* Task prompt
Every entry below has to appear again in your reply, word for word, but no picture may.

(Image-caption web data)
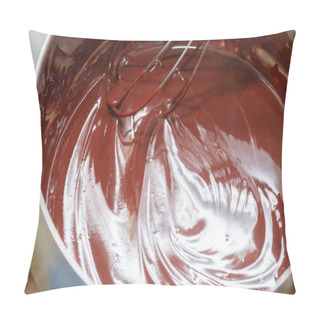 Personality  Thorough Mixing Of The Liquid Chocolate For Dessert Cooking Pillow Covers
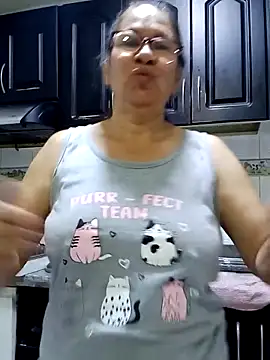 victoria wayne online show from October 2025 10:14:01 AM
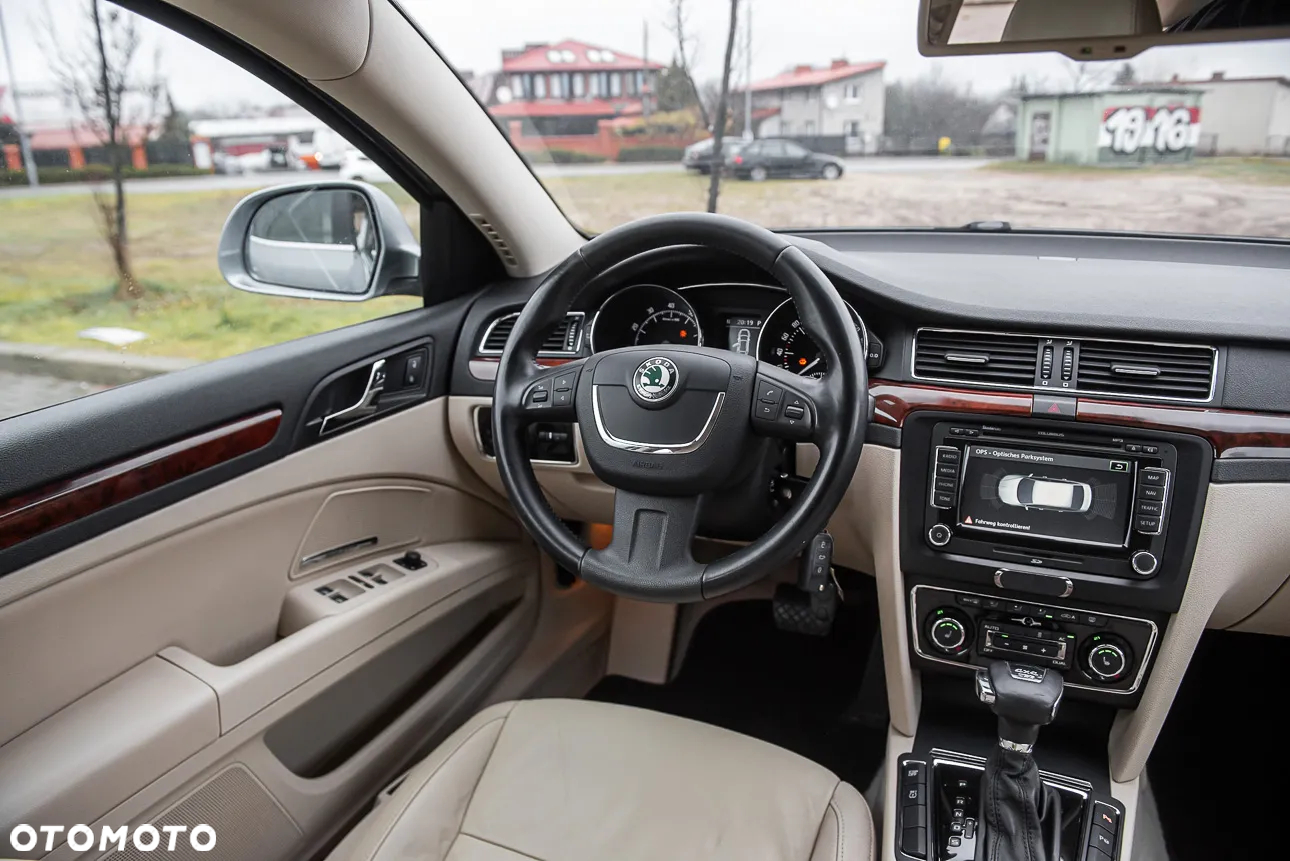 Skoda Superb - 27
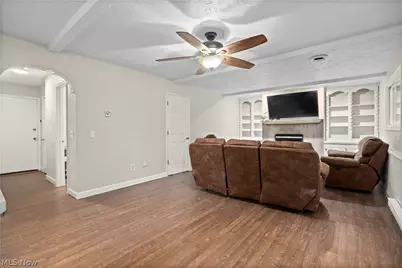 621 Van Oaks Drive, Amherst, OH 44001 - Photo 12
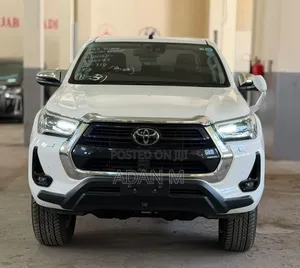 Toyota Hilux 2020 White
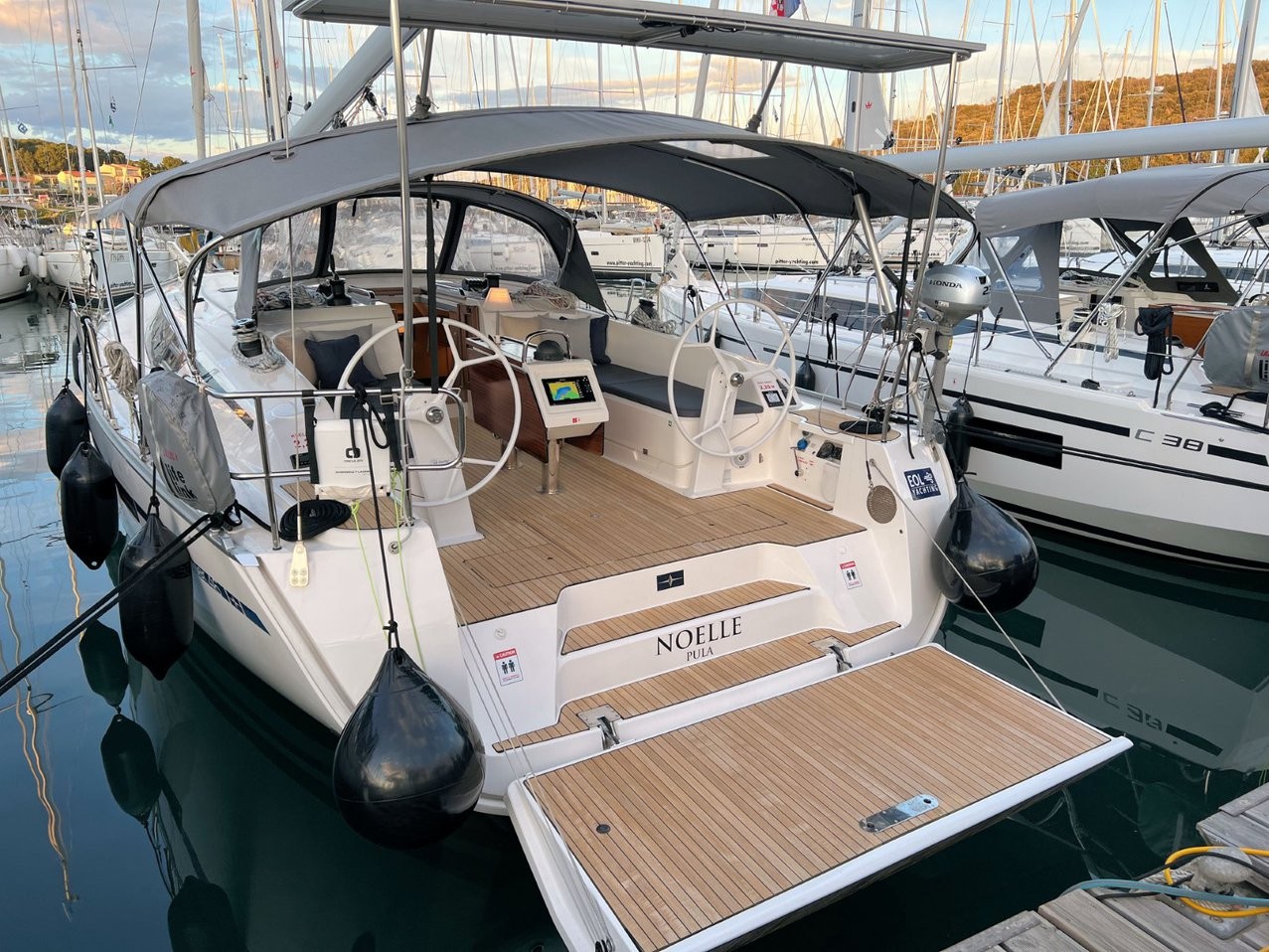Bavaria Cruiser 46, Noelle | Yacht Charter Croatia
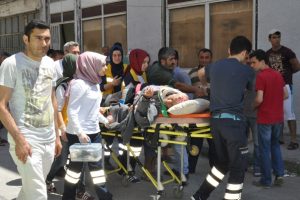 Bursa İneg&ouml;l'deki &uuml;&ccedil; ayrı kazada 17 kişi yaralandı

* Written answer
 Personality  Thorough Mixing Of The Liquid Chocolate For Dessert Cooking Pillow Covers
 victoria wayne online show from October 2025 10:14:01 AM
 Skoda Superb - 27
 621 Van Oaks Drive, Amherst, OH 44001 - Photo 12
 Toyota Hilux 2020 White
Bavaria Cruiser 46, Noelle | Yacht Charter Croatia
 Bursa İneg&ouml;l'deki &uuml;&ccedil; ayrı kazada 17 kişi yaralandı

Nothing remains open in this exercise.